Our two design priorities:
1) We must give all students our attention, but focus on closing achievement gaps.
A high-quality education is the best way to improve the odds for all young people. No gaps are more pernicious or at odds with the promise of America than gaps among whites and people of color and gaps among youth at opposite rungs of the socioeconomic ladder. Given our nation’s shifting demographics—in which people of color are on a trajectory to surpass whites as the majority (some estimate within twenty-five years)—there are few goals that should be more important to our nation than closing these persistent gaps.[1] We place our democracy, economy, and standing in the world at risk if we do not. With more than 51 percent of American students on free and reduced-price lunch, we must also attend to the needs of low-income students.
2) Local communities should have real decision making in accountability system design.
Past accountability systems were the darlings of policy makers, think tanks, foundations, editorial boards, and advocates; they rarely had the support of educators, school communities, and the public writ large. They were too often equated with excessive testing that many parents tell each other “takes time away from learning.” Our design provides school communities the opportunity to select additional indicators and measures in every component through discussion of what matters most to them, to share that publicly, and to commit to work that addresses goals that the community develops. Our design also acknowledges that one size does not fit all. It allows communities to apply for waivers to experiment with new assessments and processes, such as measuring growth more frequently or measuring growth to competency.
Below, we detail how the system works for an elementary school with grades pre-K-5, in a mid-sized exurban school district with real socioeconomic diversity.
System Overview, Including Summative Scoring and School Ratings
Our system relies on state-determined indicators (“base points”) and locally determined indicators (“local points”). Both the state and local indicators are in the four categories required by ESSA: academic achievement, growth, progress toward English language proficiency, and student success/school quality.

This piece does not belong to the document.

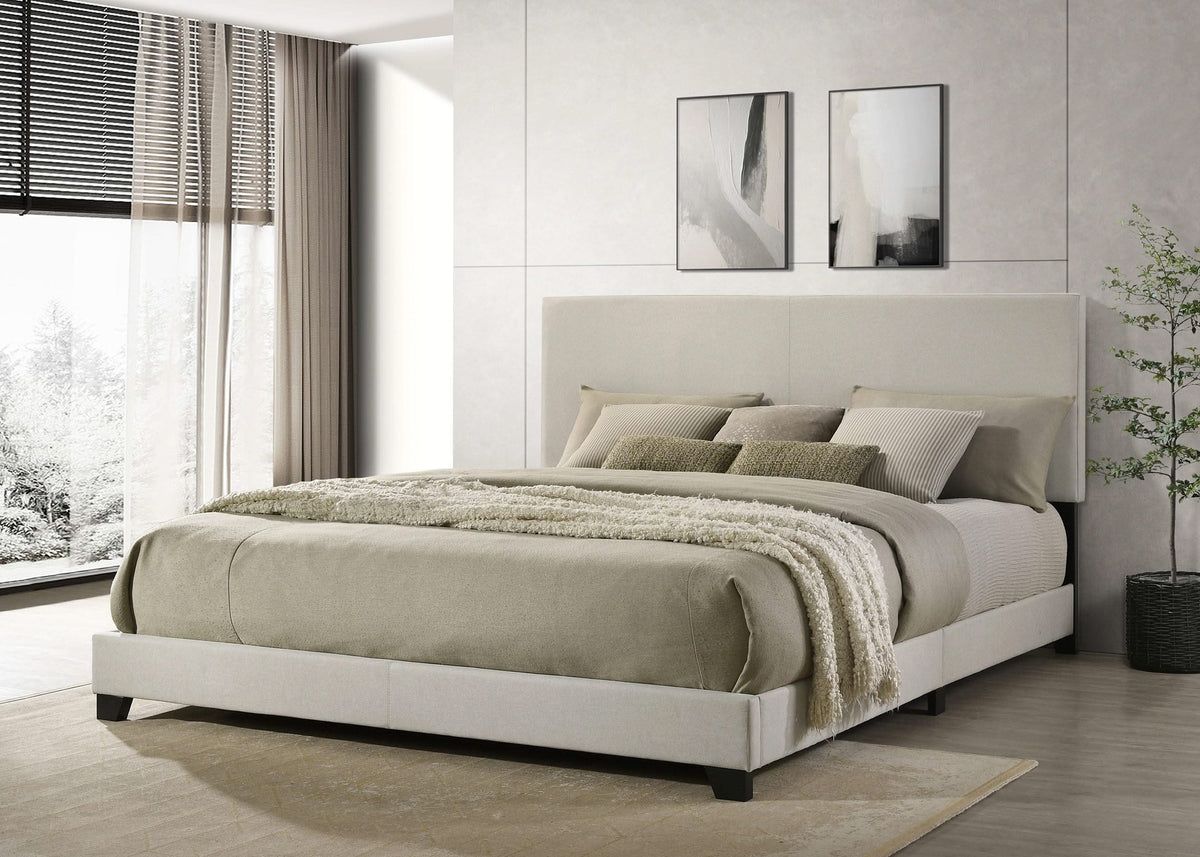 Cama California King con paneles tapizados en tela Dorian, color crema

Schools acquire up to one hundred “base points” through growth and proficiency on state assessments (eighty points) and reductions in chronic absenteeism and increases in social-emotional learning (SEL) indicators (twenty points). Separately, school districts select the indicators for schools to acquire up to twenty “local points” by performing against goals set for each of the same four components. Districts decide, in collaboration with their school communities, what indicators and targets to set. Districts submit plans to the state for approval.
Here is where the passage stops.